▶ Captioned web image data
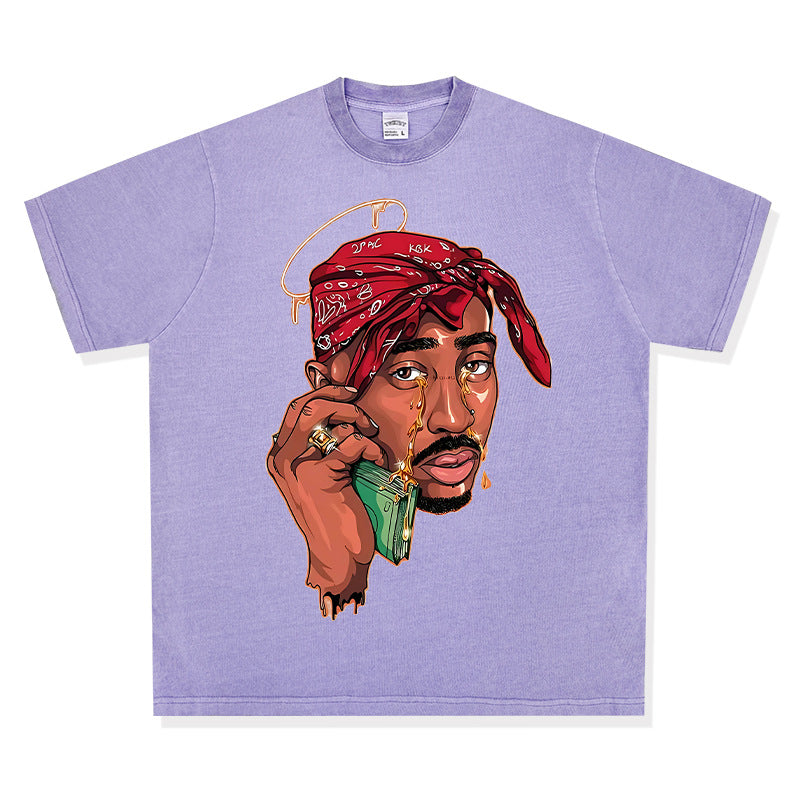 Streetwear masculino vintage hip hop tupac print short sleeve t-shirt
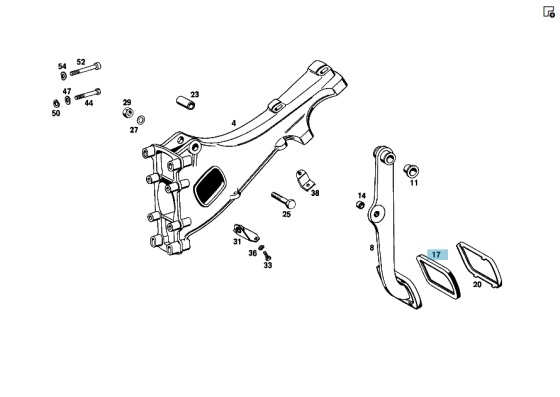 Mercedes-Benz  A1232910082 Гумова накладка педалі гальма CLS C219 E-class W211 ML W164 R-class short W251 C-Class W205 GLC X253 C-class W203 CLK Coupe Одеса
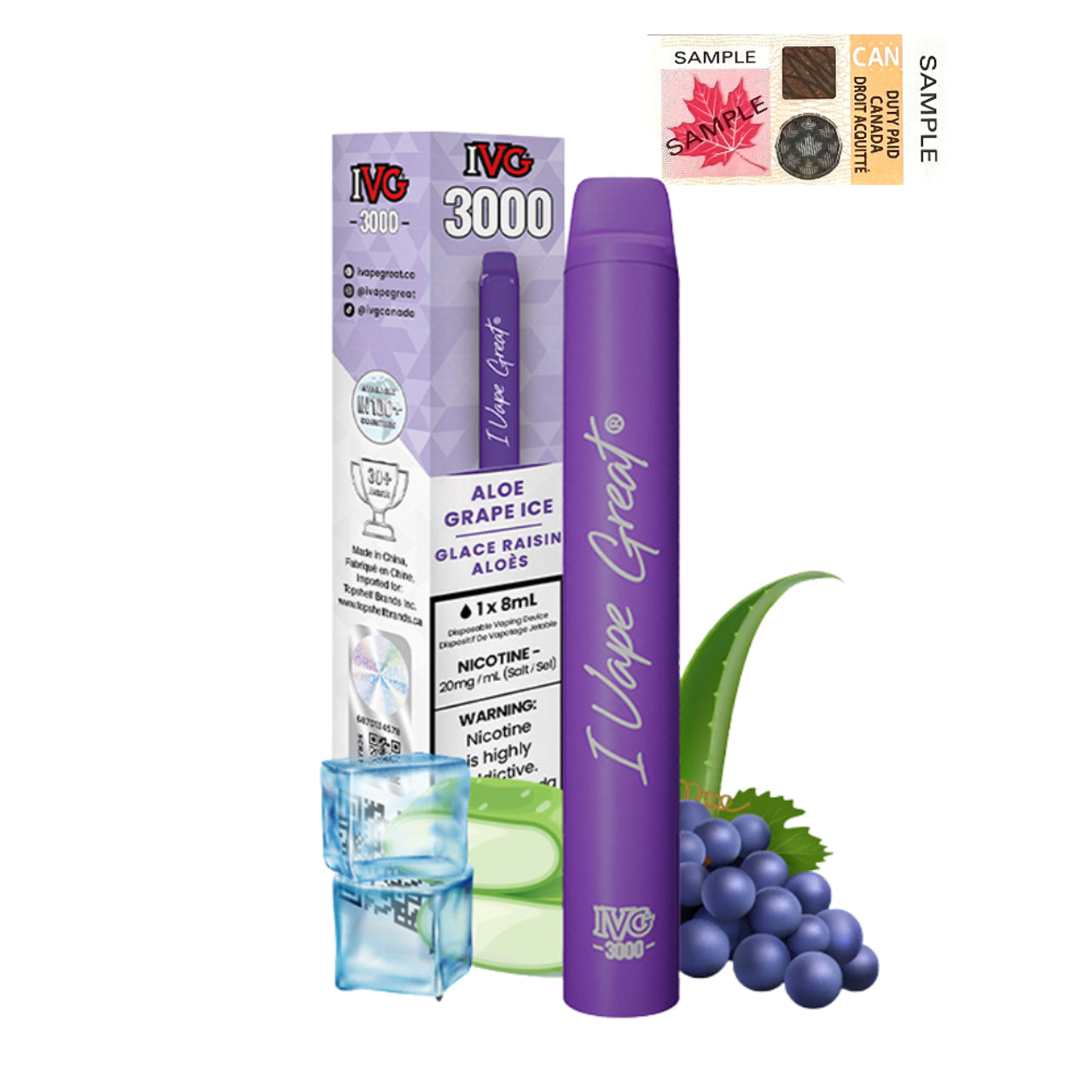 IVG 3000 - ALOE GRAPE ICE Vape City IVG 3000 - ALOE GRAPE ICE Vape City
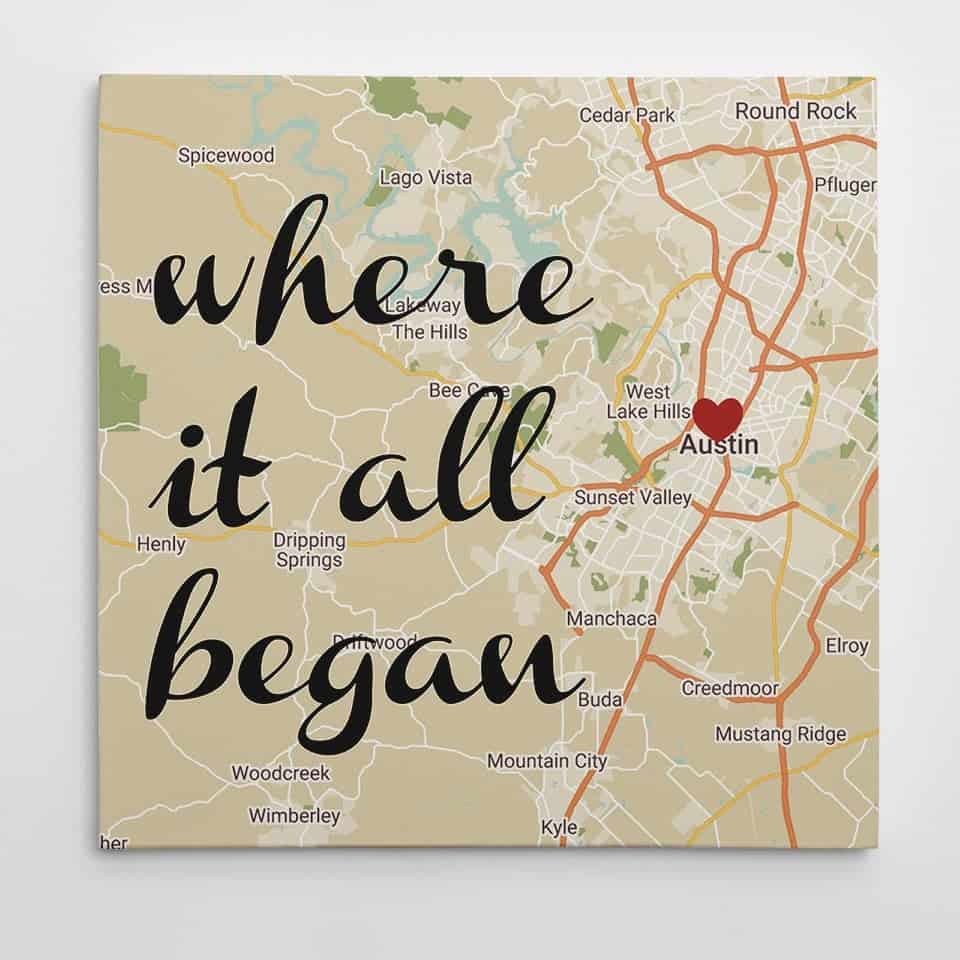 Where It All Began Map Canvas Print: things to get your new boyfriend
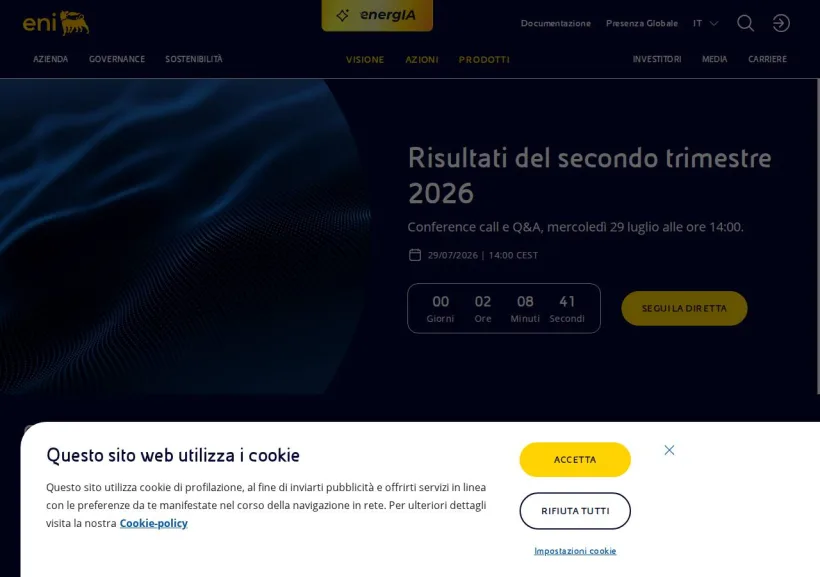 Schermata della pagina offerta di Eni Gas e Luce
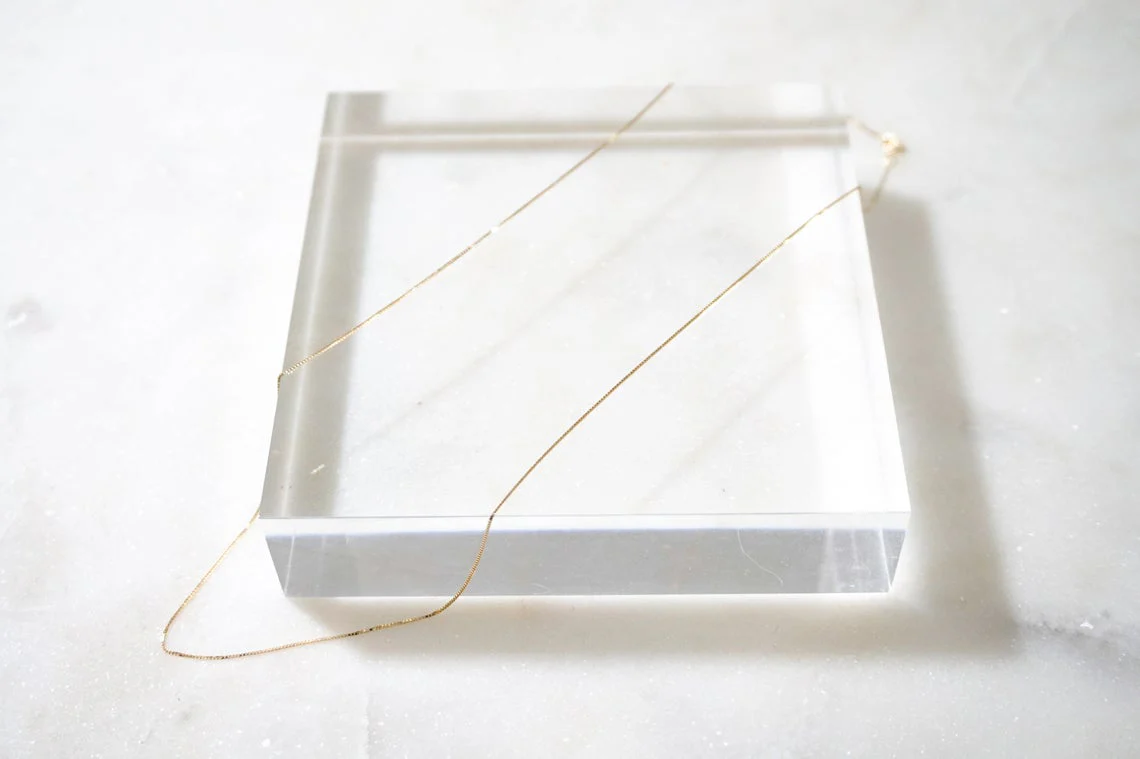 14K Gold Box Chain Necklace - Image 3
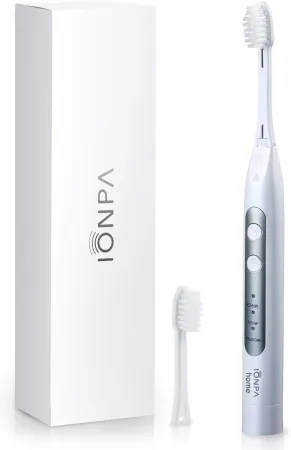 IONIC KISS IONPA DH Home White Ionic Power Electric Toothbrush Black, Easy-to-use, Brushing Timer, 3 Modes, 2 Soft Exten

▶ WHAT YOU ARE ASKED TO DO
Could you retype every line above exactly as it appears, skipping the pictures?

▶ RESPONSE TO THE TASK
 Streetwear masculino vintage hip hop tupac print short sleeve t-shirt
 Mercedes-Benz  A1232910082 Гумова накладка педалі гальма CLS C219 E-class W211 ML W164 R-class short W251 C-Class W205 GLC X253 C-class W203 CLK Coupe Одеса
 IVG 3000 - ALOE GRAPE ICE Vape City IVG 3000 - ALOE GRAPE ICE Vape City
 Where It All Began Map Canvas Print: things to get your new boyfriend
 Schermata della pagina offerta di Eni Gas e Luce
 14K Gold Box Chain Necklace - Image 3
 IONIC KISS IONPA DH Home White Ionic Power Electric Toothbrush Black, Easy-to-use, Brushing Timer, 3 Modes, 2 Soft Exten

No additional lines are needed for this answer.